> [Information provided]:
════

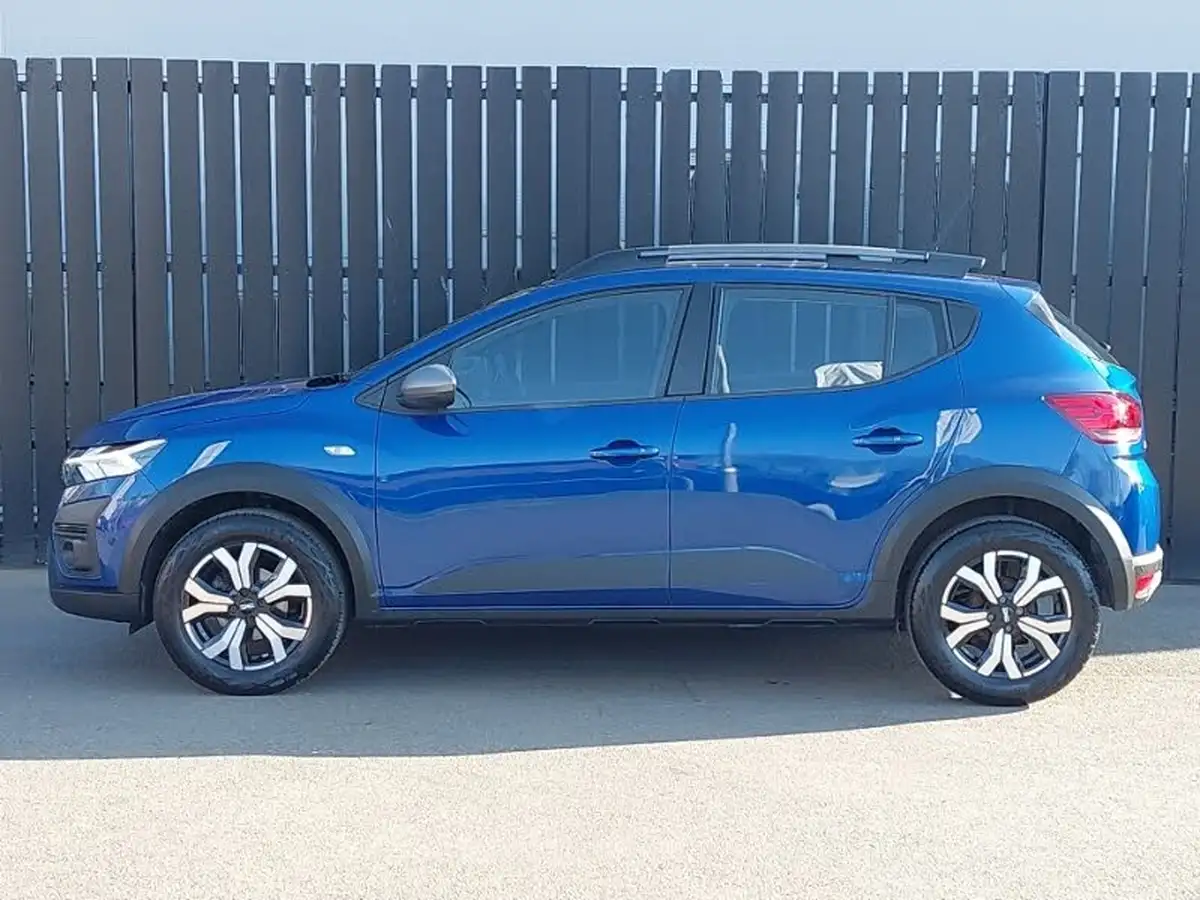 2023-dacia-sandero-stepway-10-tce-journey-90bhp-big-3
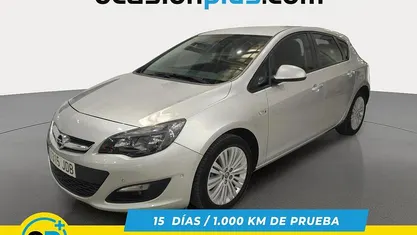 Usado 2015 Opel Astra Selective Utilitario | 7900 € (Precio justo)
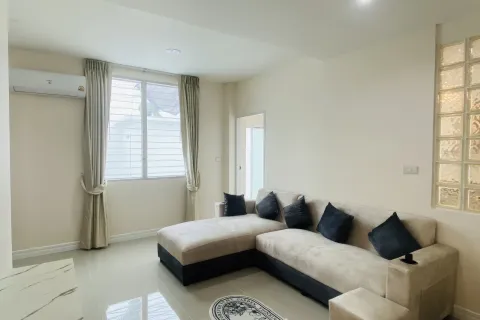 Maison à Pattaya, Thaïlande 4 chambres № 155616 - photo 15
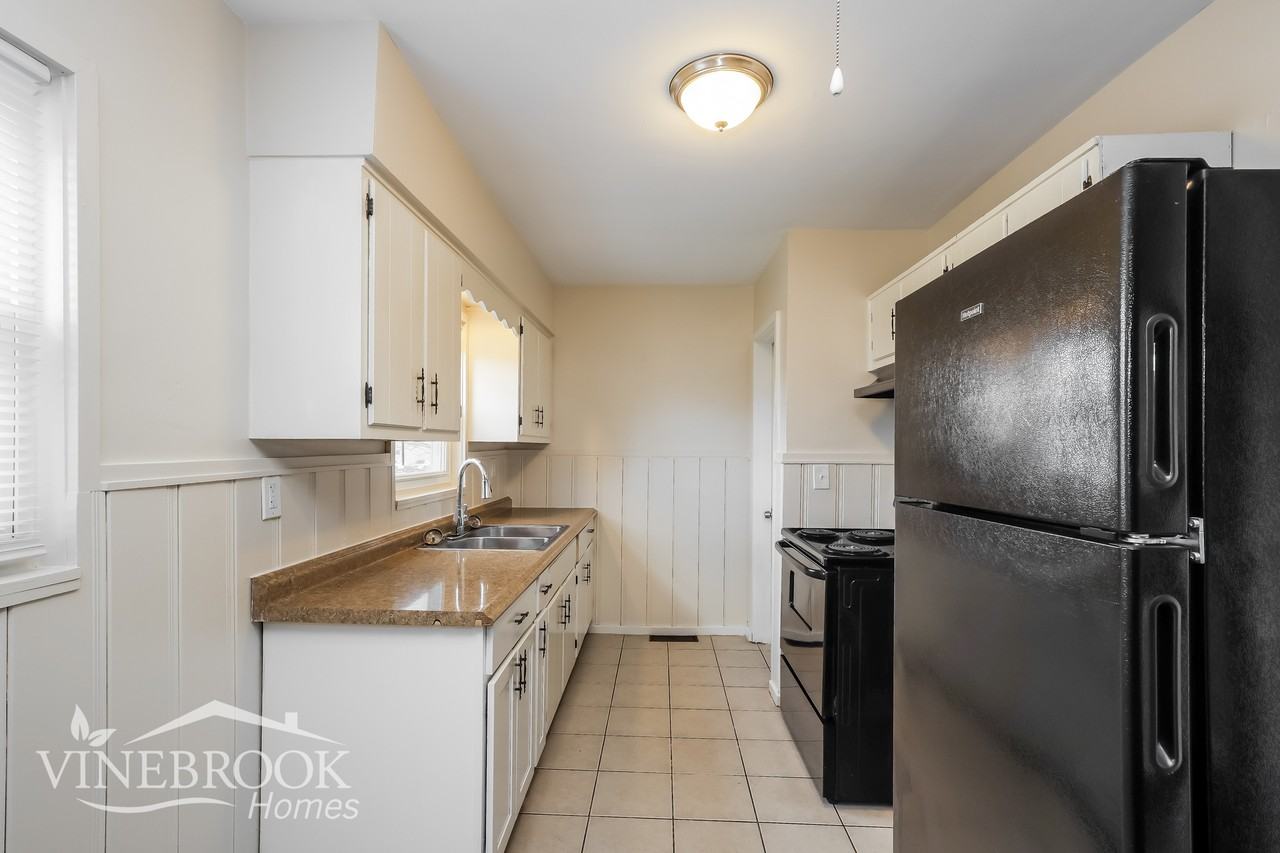 3998 Hamblen Dr - Photo 4 of 15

════

> [Task to carry out]: Wherever a picture appears in the listing above, drop it, and restate the rest exactly.

> [Answer area]:
 2023-dacia-sandero-stepway-10-tce-journey-90bhp-big-3
 Usado 2015 Opel Astra Selective Utilitario | 7900 € (Precio justo)
 Maison à Pattaya, Thaïlande 4 chambres № 155616 - photo 15
 3998 Hamblen Dr - Photo 4 of 15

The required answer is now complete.